[Data for this exercise Boundary: Start]
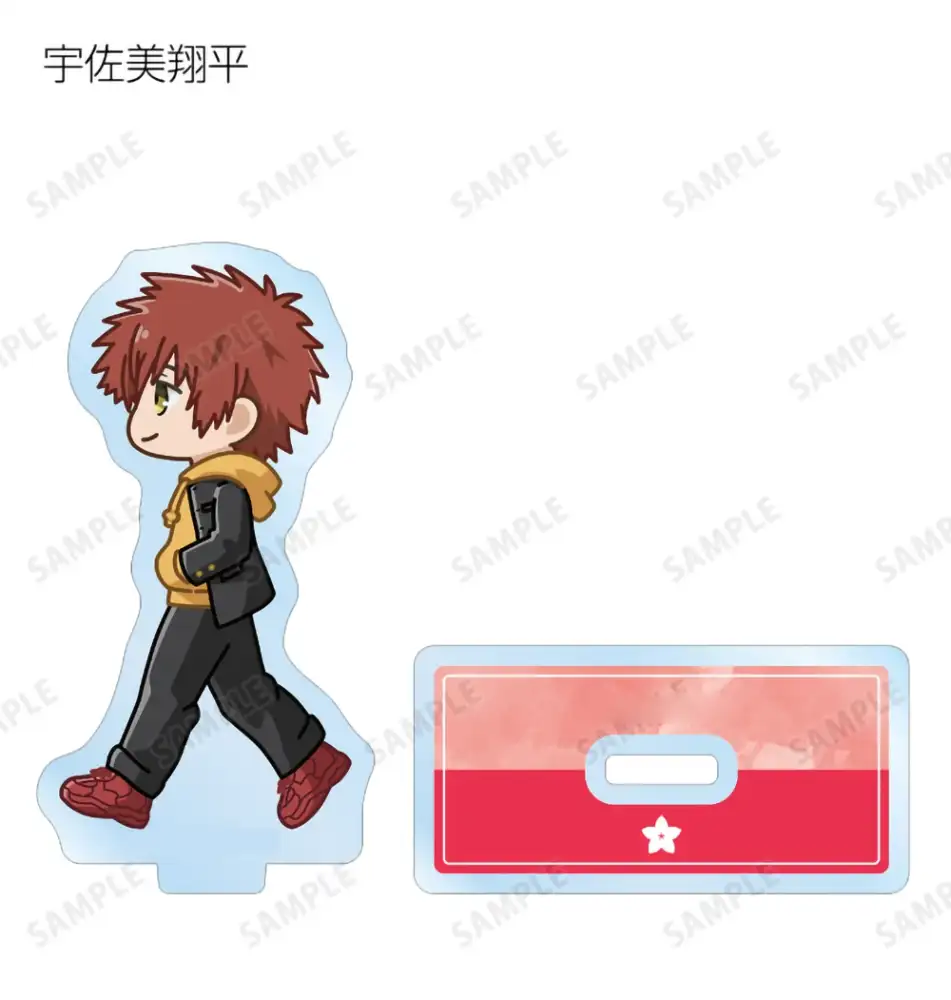 The Fragrant Flower Blooms With Dignity Acrylic Stand Walking Pose Anime Figure, Hot Custom Charm Phone Personalized, Keychain, Mô Hình Đứng Standee Anime, In 2 Mặt, Cao 6cm, Trang Trí Decor Bàn Học, Balo 5 The Fragrant Flower Blooms With Dignity Acrylic Stand Walking Pose Anime Figure, Hot Custom Charm Phone Personalized, Keychain, Mô Hình Đứng Standee Anime, In 2 Mặt, Cao 6cm, Trang Trí Decor Bàn Học, Balo - Ảnh 5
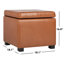 Cube carré avec rangement 18,1 po Maiden-33309696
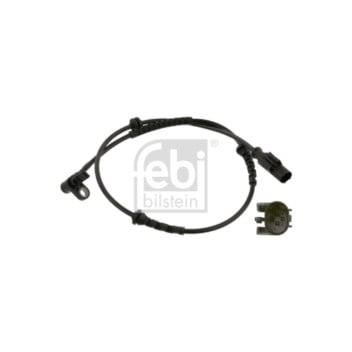 Febi 37159 - Wheel Speed Sensor (Front Left Hand+Right Hand)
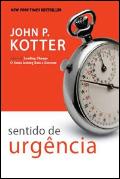 Sentido de Urgência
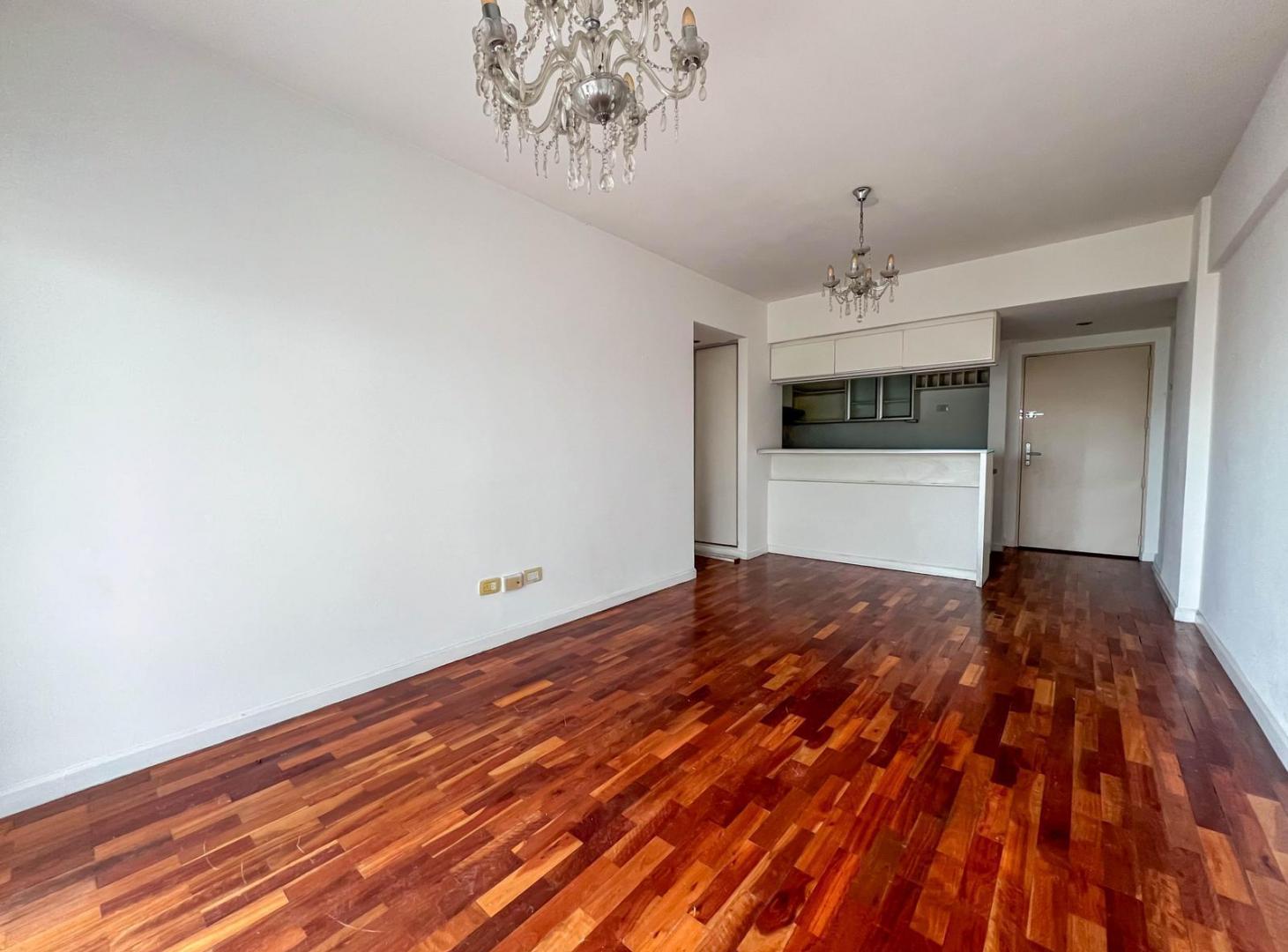 Foto de Departamento de 3 Ambientes con Cochera y Baulera - Amenities, imagen 3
[Data for this exercise Boundary: End]
Exercise details:
Please reproduce the whole listing exactly; the pictures stay out.

Result of this task:
 The Fragrant Flower Blooms With Dignity Acrylic Stand Walking Pose Anime Figure, Hot Custom Charm Phone Personalized, Keychain, Mô Hình Đứng Standee Anime, In 2 Mặt, Cao 6cm, Trang Trí Decor Bàn Học, Balo 5 The Fragrant Flower Blooms With Dignity Acrylic Stand Walking Pose Anime Figure, Hot Custom Charm Phone Personalized, Keychain, Mô Hình Đứng Standee Anime, In 2 Mặt, Cao 6cm, Trang Trí Decor Bàn Học, Balo - Ảnh 5
 Cube carré avec rangement 18,1 po Maiden-33309696
 Febi 37159 - Wheel Speed Sensor (Front Left Hand+Right Hand)
 Sentido de Urgência
 Foto de Departamento de 3 Ambientes con Cochera y Baulera - Amenities, imagen 3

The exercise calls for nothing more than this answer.